Same goes about the duplicacy CLI — the content of the token json should be incorporated into the preferences file or keychain, not path, because path to external files is unobvious and prone to data loss when user inevitably deletes that external file because there is no indication that only link is saved
I agree this is awkward. The fix I have in mind is to make the CLI take either the path or the content – if the input looks like a path and the file does actually exist, then treat it as a path; otherwise accept the input as the content of the token.
It would add one more step for the user - since it is received as a file: open json, remove line feeds (otherwise it becomes awkward to paste to CLI — end with empty line? What if there is empty line by accident?), copy and paste.
I think accepting the file, as today, but storing its content as opposed to path in the preferences file and duplicacy.json would be more streamlined and seamless change.
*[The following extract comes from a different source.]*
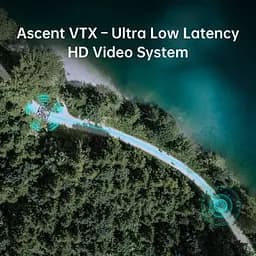 Квадрокоптер CADDXFPV PROTOS RTF Kit (C0CA-TZ056) - мініатюра 4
@gchen can you say something about that? will I have to compile it myself, or do you maybe plan to merge that PR in the next few days anyways? Is anything blocking it that prevents you from merging it? Seems a bit surprising to me that you did not merge your own PR that’s already 1.5 months old now.
This is a feature that I expect will not be used by many people so I don’t know if I want to merge it.
what is the potential downside to merging it? does it change anything in any negative way in any circumstance? I thought it just makes use of some fields in that json file that would otherwise be ignored?
And in general, how likely do you find it that my slow restore speeds are caused by the things mentioned in this thread, and potentially fixed by changing that account setup that I need that PR for?